Supplied information

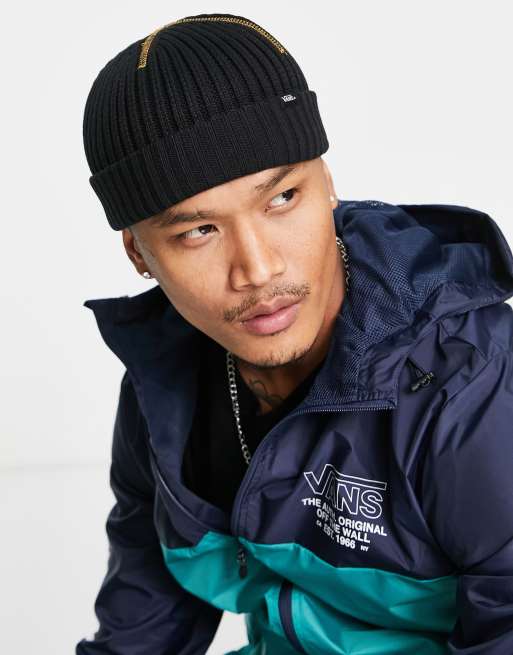 Vans World Code short cuff beanie in black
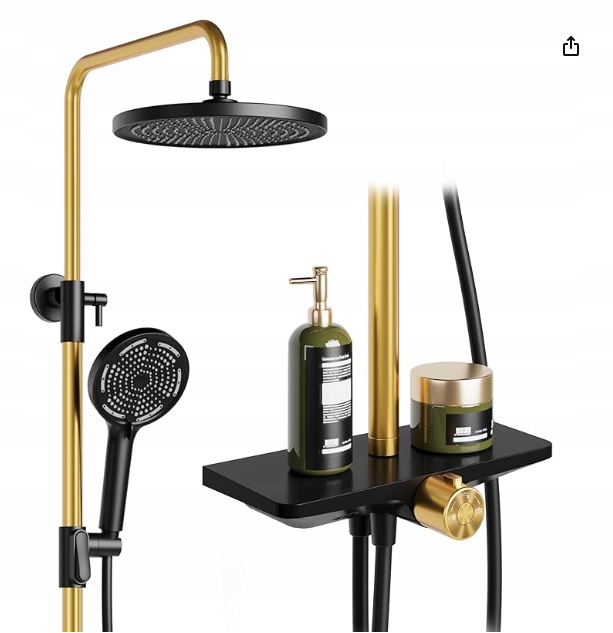 Dažďová sprcha bez armatúr, s poličkou, sprchový systém so sprchovou hlavicou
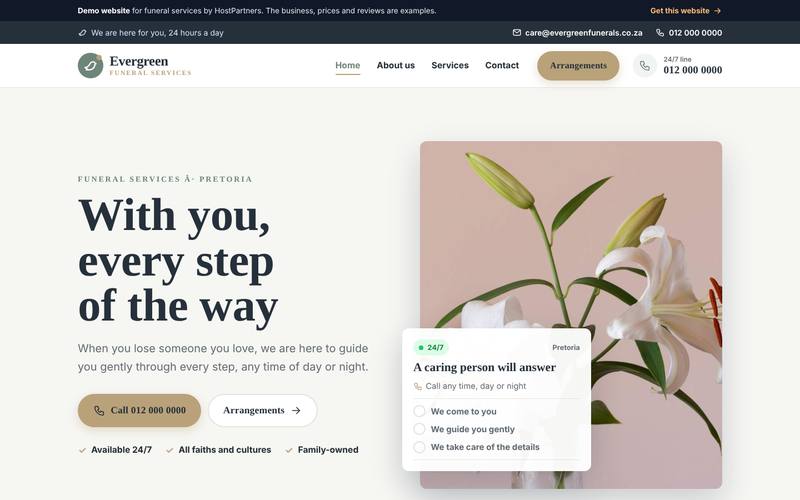 Preview of a website for funeral services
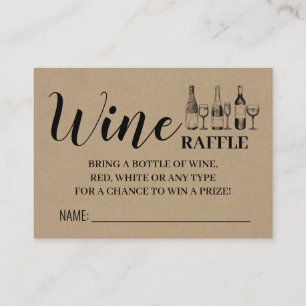 Carte Rustique Couples Couples Ticket Raffle Vin D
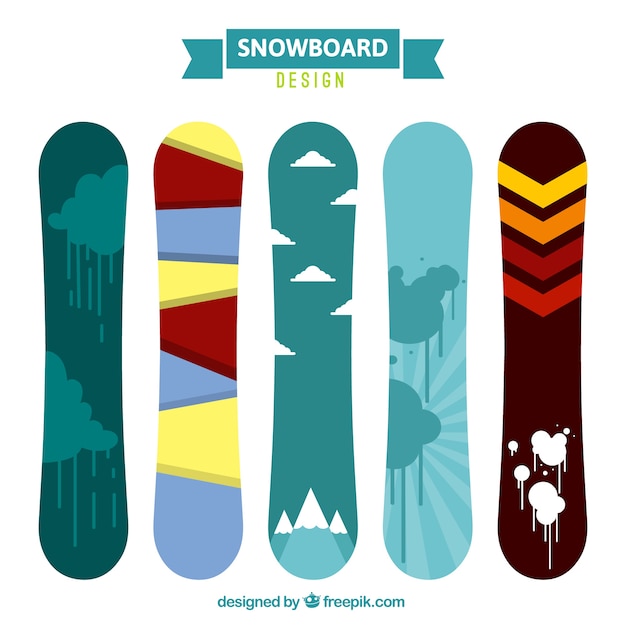 Vecteur gratuit ensemble de planches à neige avec différents dessins abstraits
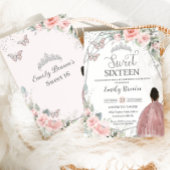 Lief 16 Zestien Verjaardag Blush Bloemen Bruin Mei Kaart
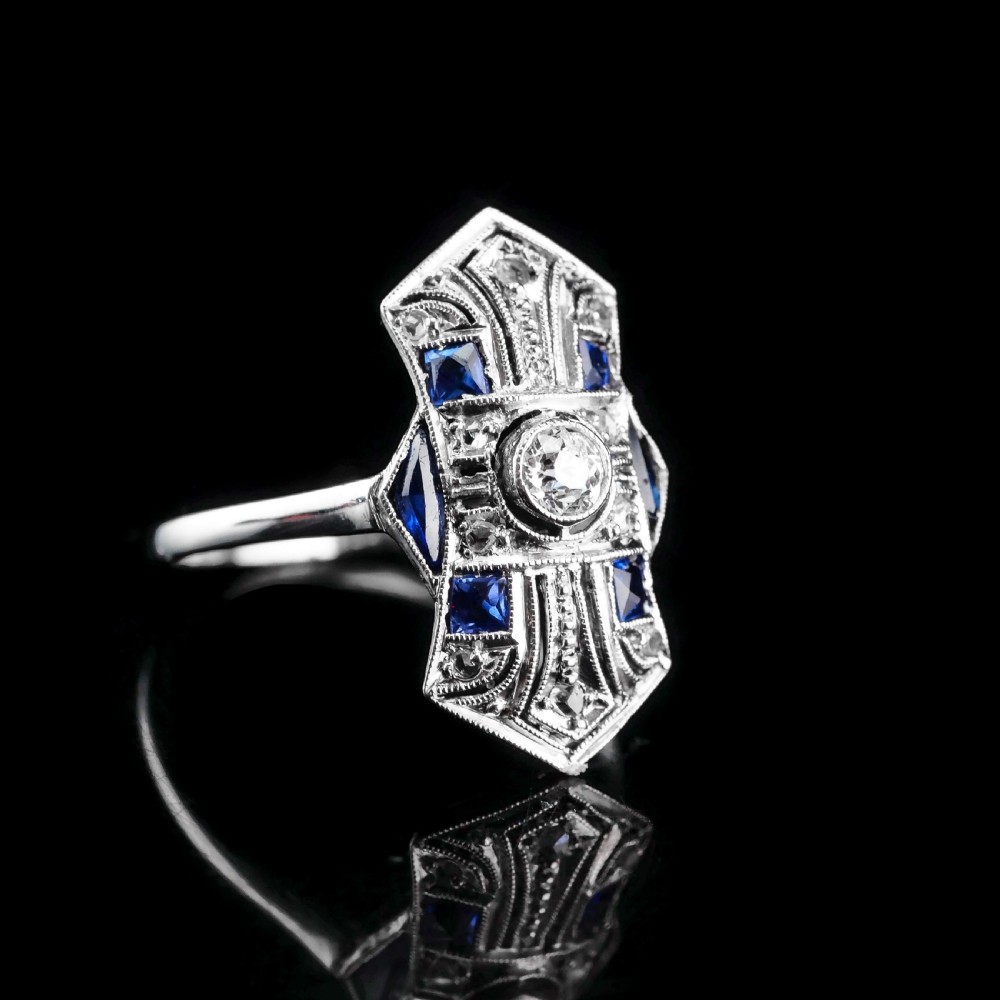 Antique Art Deco 18K White Gold Diamond & Sapphire Ring View X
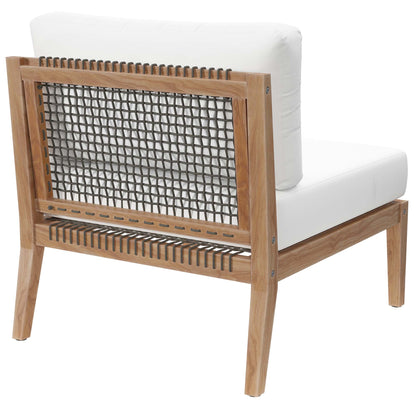 Clearwater Outdoor Patio Teak Wood Armless Chair in Gray White by Modway (5856)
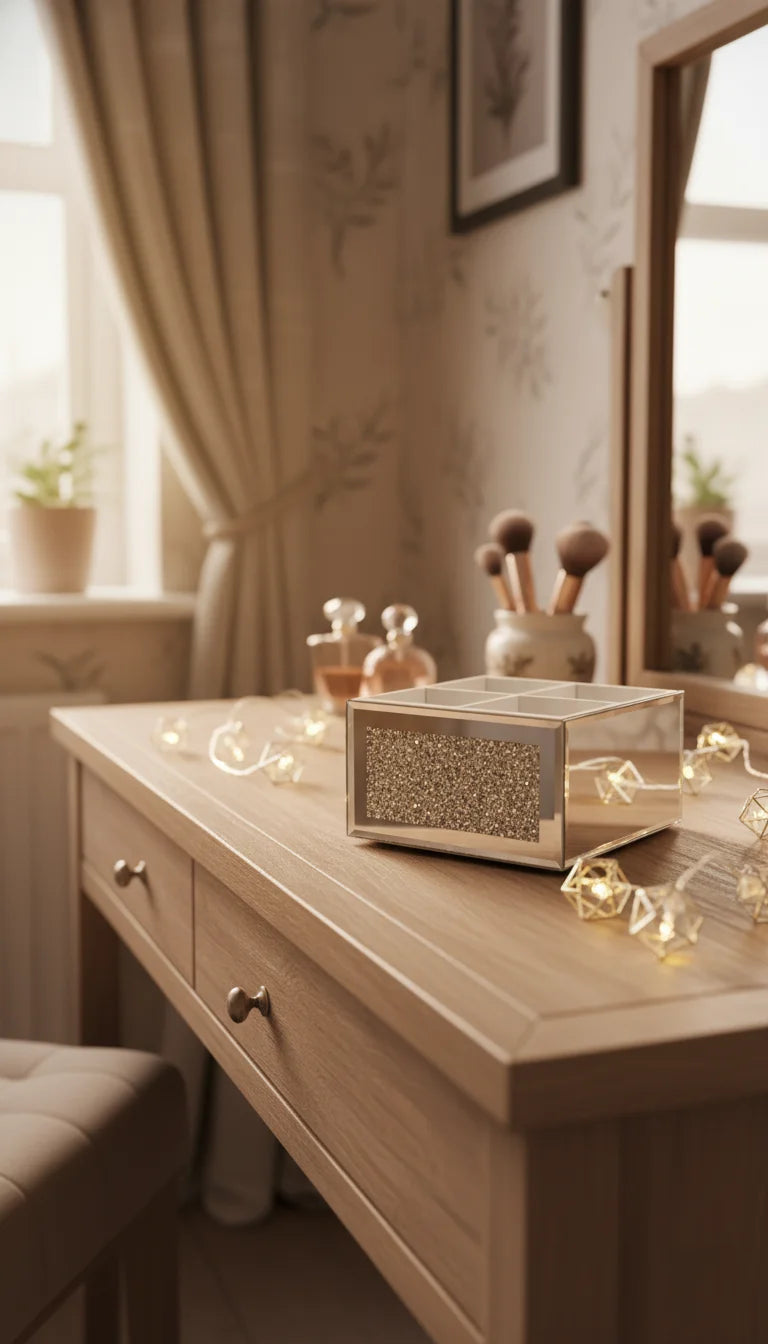 Crushed Diamond 4-Section Mirror Brush Organiser | Sparkle Decors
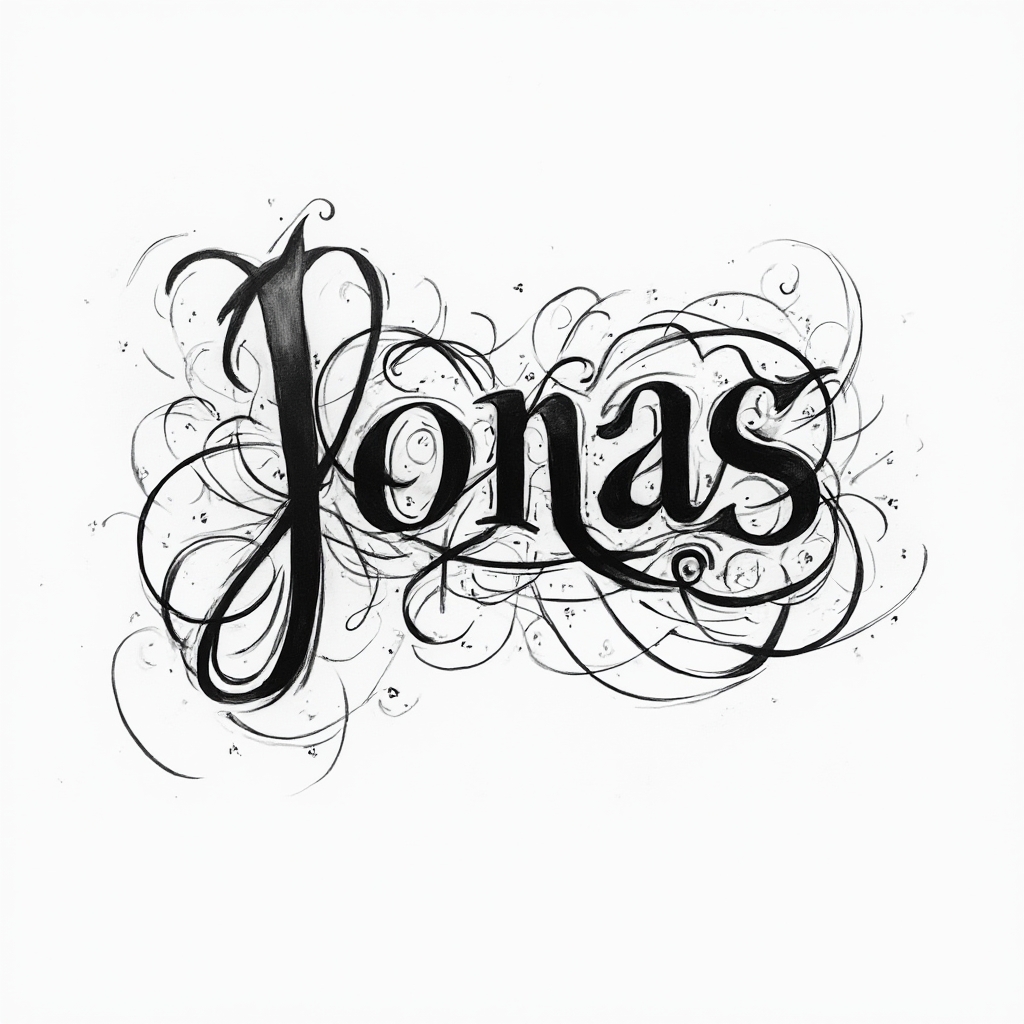 Abstract ornamental linework tattoo concept where flowing curves shape the name jonas on a white background.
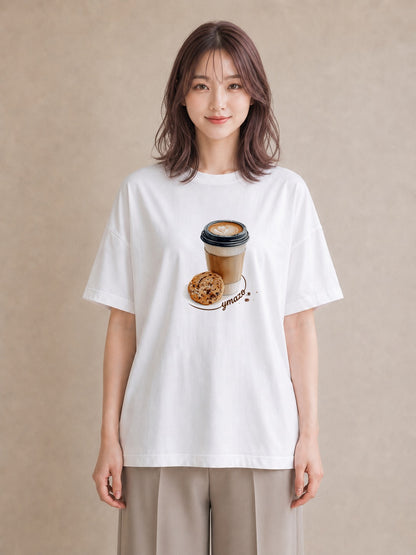 プリントTシャツ レディース コーヒー 珈琲 カフェ 食べ物 フード イラスト ユニーク 通学 誕生日プレゼント 白T YMAZO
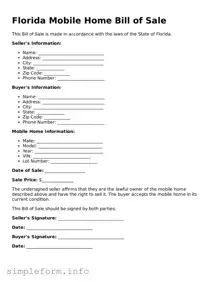 Attorney-Verified  Mobile Home Bill of Sale Form for Florida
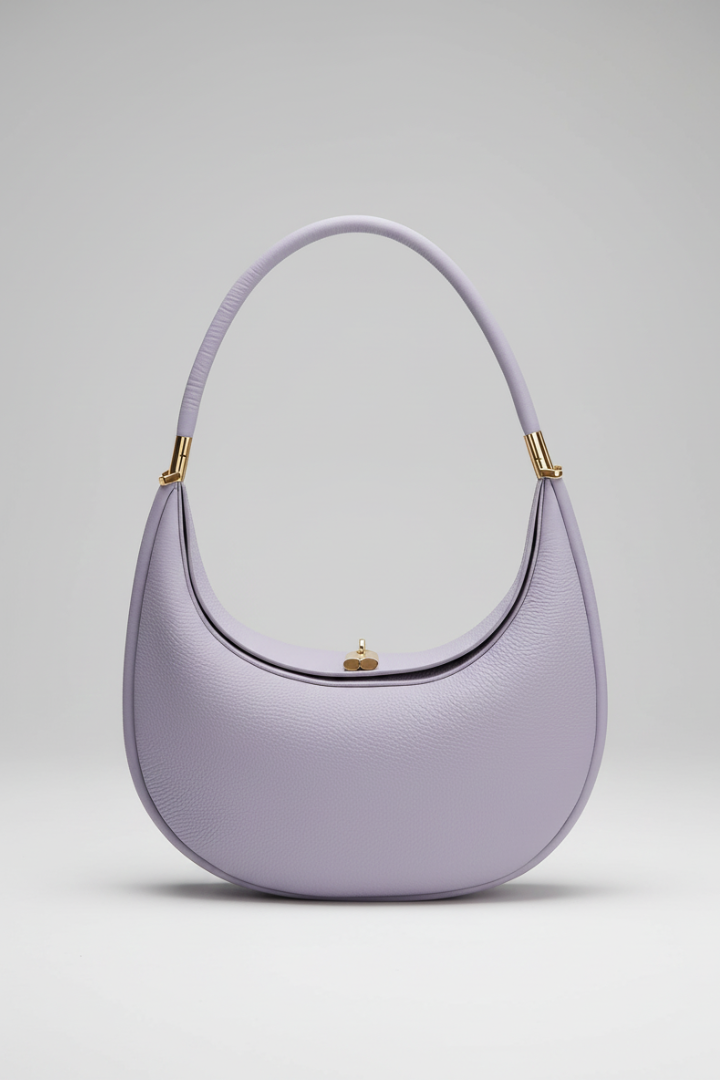 Classic women's everyday bag, a black half-moon shoulder bag with adjustable strap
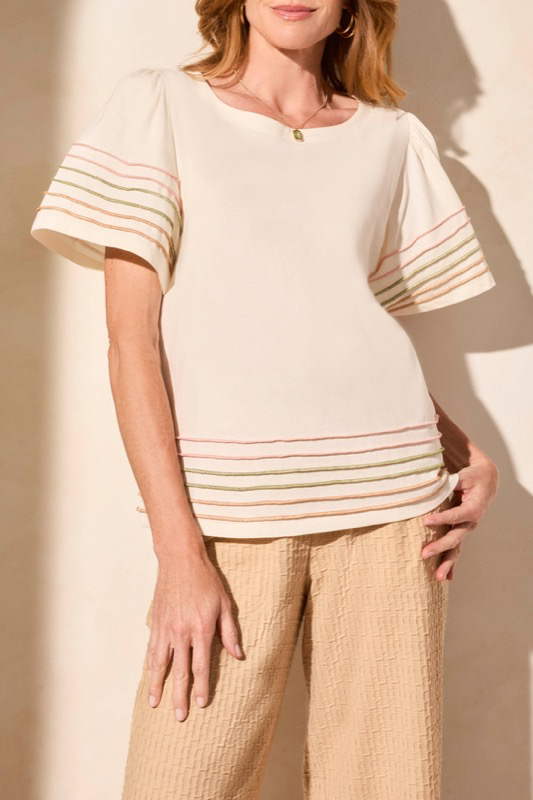 Tribal 5540O-4997 Cotton Boat Neck Top w/Contrast Stitching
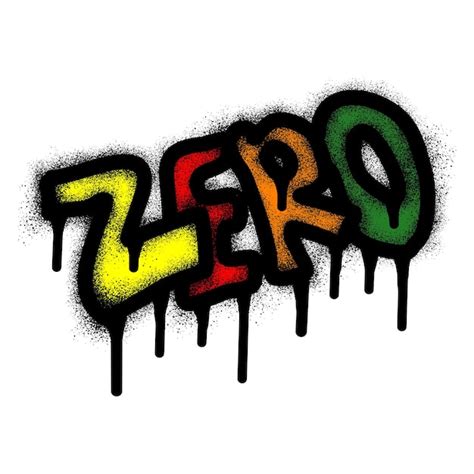 Premium Vector Graffiti Zero Text With Coloful And Black Spray Paint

Aim of the task
Please return only the lines from the top of the data through the line with "プリントTシャツ レディース コーヒー", exactly as written, and drop every picture.

Result for this task
 Vans World Code short cuff beanie in black
 Dažďová sprcha bez armatúr, s poličkou, sprchový systém so sprchovou hlavicou
 Preview of a website for funeral services
 Carte Rustique Couples Couples Ticket Raffle Vin D
 Vecteur gratuit ensemble de planches à neige avec différents dessins abstraits
 Lief 16 Zestien Verjaardag Blush Bloemen Bruin Mei Kaart
 Antique Art Deco 18K White Gold Diamond & Sapphire Ring View X
 Clearwater Outdoor Patio Teak Wood Armless Chair in Gray White by Modway (5856)
 Crushed Diamond 4-Section Mirror Brush Organiser | Sparkle Decors
 Abstract ornamental linework tattoo concept where flowing curves shape the name jonas on a white background.
 プリントTシャツ レディース コーヒー 珈琲 カフェ 食べ物 フード イラスト ユニーク 通学 誕生日プレゼント 白T YMAZO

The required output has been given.